Saturday, May 24, 2014

Inside Llewyn Davis (2013)

Director: Joel & Ethan Coen                           Writer: Joel & Ethan Coen
Music Producer: T Bone Burnett                     Cinematography: Bruno Delbonnel
Starring: Oscar Isaac, Carey Mulligan, Max Casella and John Goodman

John Sebastian, in the documentary series American Roots Music, had this to say about the emergence of Bob Dylan onto the folk music scene in Greenwich Village in the early sixties. “I met Bob Dylan in the basement of Gerde’s Folk City, and he was still playing kind of jug band music, like what I liked, and so I found him quite enjoyable, didn’t take it too seriously. I just happened to be at the Gaslight a few months later when he walked in and played “The Times, They Are a-Changin’” and “Masters of War” and left. And I remember thinking, did songwriting just change, or something? Did I miss something?” The Coen Brother’s latest film is an exploration of the folk music culture in Geenwich Village in the nineteen sixties, just prior to Dylan’s transformation of songwriting. The inspiration for their main character was Dave Van Ronk and the title of his 1964 album. Inside Llewyn Davis is their homage to the singers who never made it big, and the frustration that surrounds all artistic endeavors that bubble just under the surface of success.

Oscar Isaac plays the title character, a homeless musician with a passion for singing ballads and blues. The film opens with Isaac being beaten up in an alley after singing at the Gaslight Café. The scene then shifts to him waking up in an apartment that is obviously not his. He pulls out a record album of he and his former partner and plays it while he gets ready. As he leaves, the cat escapes and he winds up taking it with him to the apartment of Carey Mulligan. She has a guest, singer and soldier Stark Sands, with her and is clearly angry with Isaac. She writes a note that says she’s pregnant and the reason is suddenly clear. Isaac moves from apartment to apartment, staying with friends, acquaintances, and his sister, but is clearly unhappy with the direction of his career. His agent, Jerry Grayson, is doing nothing to make him any money and so he records a novelty song with fellow folkie Justin Timberlake and gives up his royalties for a flat fee in order to pay for Mulligan’s abortion. Desperate for anything, he winds up going to Chicago, sings a heart-rending song in front of club owner F. Murray Abraham, and is summarily dismissed as being unmarketable before heading back home in defeat.

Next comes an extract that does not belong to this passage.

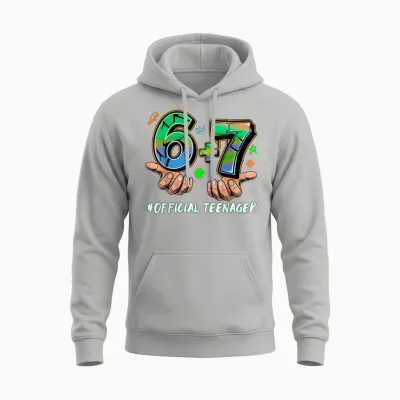6+7 Offizielle Teenager 13. Geburtstag Sechs Sieben 6 7 Meme Hände Unisex Hoodie - Ash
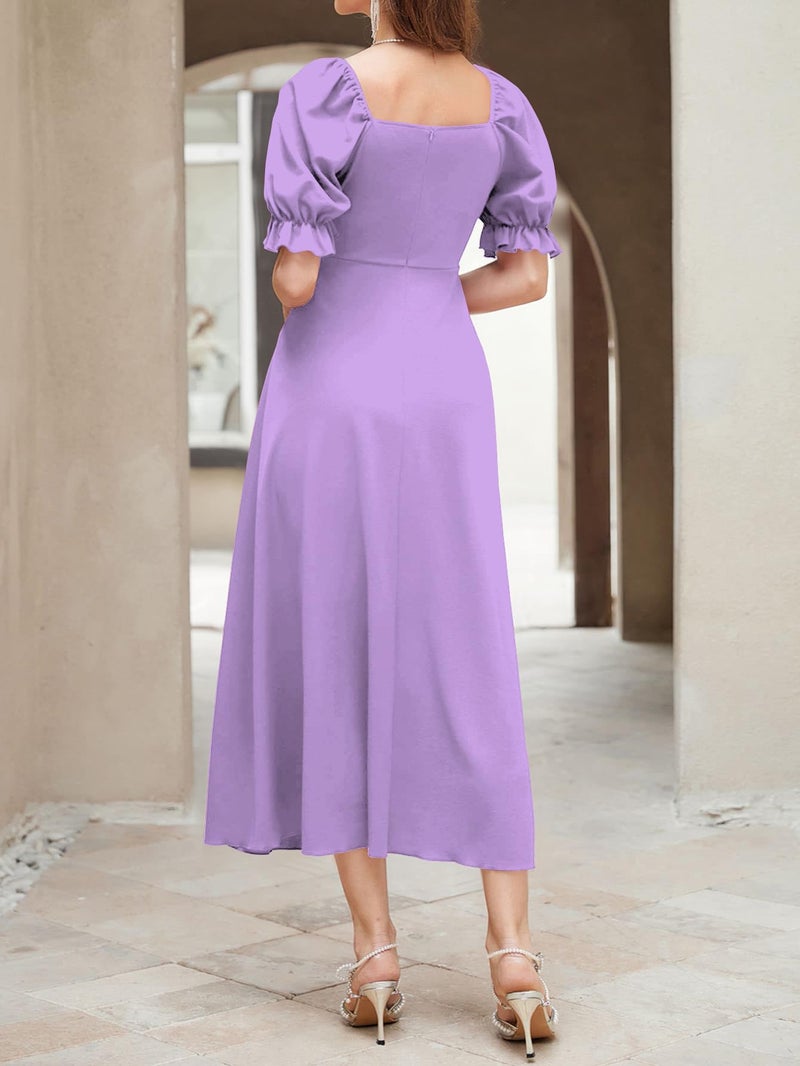Shasmi Girl's & Women's Solid A-Line Ruched Puff Sleeve Maxi Long Evening One Piece Long Dress for Women Stylish (Dress 131 Light Purple-S) - Image 2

It’s a grim film, in typical Coen Brothers fashion. What is missing, for me, is the humor that usually leavens the darkness. There are some good bits, the cat that he carries around the city, or John Goodman’s heroine-addicted jazz musician, but they are only brief respites in the overall oppressiveness of the film. But then, perhaps that’s the point. The so-called folk revival that came in the wake of Woody Guthrie and Pete Seeger was based on the popularization of old blues and gospel tunes, jazz and folk songs from early America and not really original material. As Isaac says after the first song he sings in the film, “You probably heard that one before. If it was never new and it never gets old, then it’s a folk song.” But the real difference is between those who are having success as personalities or novelties, and Isaac who sings with great passion and yet has nothing original to say. After pouring his heart out in song to F. Murray Abraham in his Chicago nightclub, the owner makes the deadpan pronouncement, “I don’t see a lot of money here.” It wouldn’t be until Bob Dylan and others began writing their own original compositions that careers would be made, and would leave those who simply sang the older folk material kicked to the curb.

Oscar Isaac, whose most memorable role thus far in his career has been Prince John in Ridley Scott’s Robin Hood, does a nice job both singing and acting in this film. His exasperation at his lack of career success is cannily married to a snobbish sense of his own greatness by the Coens and it’s what gives the character a real personality. Carey Mulligan, however, spends all of her scenes being so angry that there is never a sense of a real relationship there. Most of the supporting cast, in addition to the aforementioned, do a terrific job as well. Ethan Phillips is the college professor who is enthralled by folk singers. Jeanine Serralles as Isaac’s sister is a beautiful foil for his inflated ego. And Max Casella is convincing as the manager of the Gaslight. I am decidedly not a fan of folk music, and even less so for ballads, so this film was not something I enjoyed watching. The absence of the kind of overt humor present in something like Burn After Reading also left me wanting. Still, the characterization of the title character is compelling and the evocation of the time period makes Inside Llewyn Davis worth at least one viewing, and for fans of the music even more.